Michael Burry, famed for predicting the U.S. housing crisis and known as "The Big Short," has issued a warning that the current frenzy over artificial intelligence (AI) in the U.S. stock market increasingly resembles the final stages before the dot-com bubble burst.
In a post on Friday, Burry noted that during a long drive, he could scarcely hear financial television or radio discussing any topic other than AI. "It's nothing but AI, all day, every day. No one is talking about anything else," he remarked.
Burry believes the market's reaction to economic data has become increasingly illogical. Despite the U.S. consumer confidence index recently hitting a historic low, the market has chosen to ignore this risk, instead focusing on slightly better-than-expected April employment figures. On that same day, the S&P 500 index reached a new all-time high.
"Stocks are going up or down not really because of jobs or consumer confidence, but because they've been going up," Burry wrote.
He further stated that the market is currently caught in a frenzy, chasing gains around a "two-letter theme" that "everyone thinks they understand." This atmosphere reminds him of the market conditions in the final months of the internet bubble from 1999 to 2000.
Burry also compared the recent trajectory of the Philadelphia Semiconductor Index to its upward path just before the tech stock crash in 2000. Data shows the Philadelphia Semiconductor Index rose over 10% this week, bringing its cumulative gain for 2026 to 65%.
Over the past two years, massive capital has continuously flowed into AI-related stocks, driving major U.S. stock indices to repeatedly set new record highs.
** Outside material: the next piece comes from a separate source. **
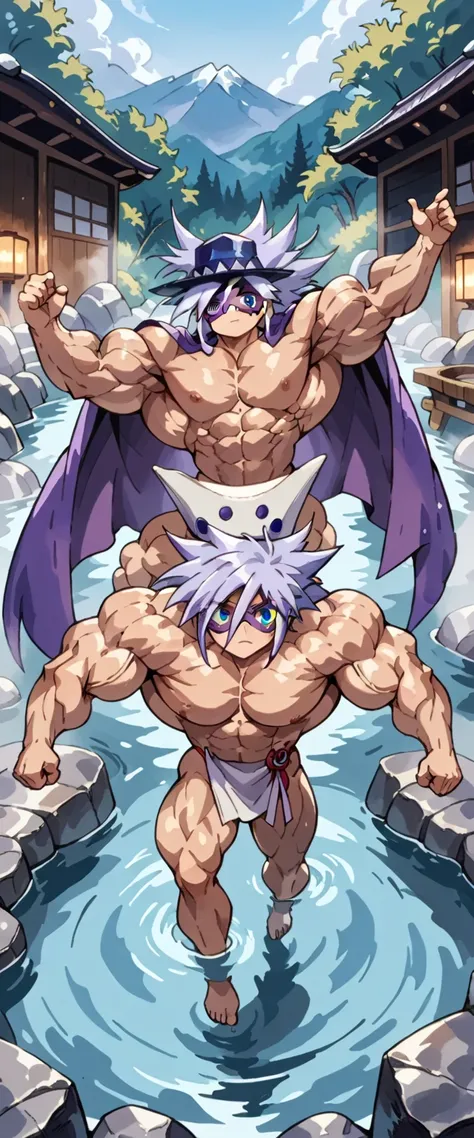 Highest quality,Masterpiece,Pro Art,8k,Based on anatomy,silk hat,Light purple hair,Eye mask,Purple Cape,Japan animated style,kait8uj8ker, white hair, spiked hair, Blue eyes,Full body image,(((Huge muscles))),In the open-air hot spring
Semiconductor companies and large-cap tech stocks related to AI infrastructure and software have been the core drivers of this rally, with the generative AI boom further inflating market valuations.
Concurrently, prominent hedge fund manager Paul Tudor Jones has also drawn parallels between the current AI market and the dot-com bubble era, though he believes the bull market may still have room to run.
In a media interview this week, Jones stated the current market environment is "a lot like 1999," which was roughly a year before tech stocks peaked in early 2000. He anticipates the current AI-driven market could continue for another one to two years.
However, Jones also cautioned that if valuations continue to expand rapidly, the magnitude of a future market correction could be quite severe. "Think about it: if the stock market goes up another 40%, the market cap to GDP could be 300% or 350%. At that point, the eventual correction could be breathtaking," he said.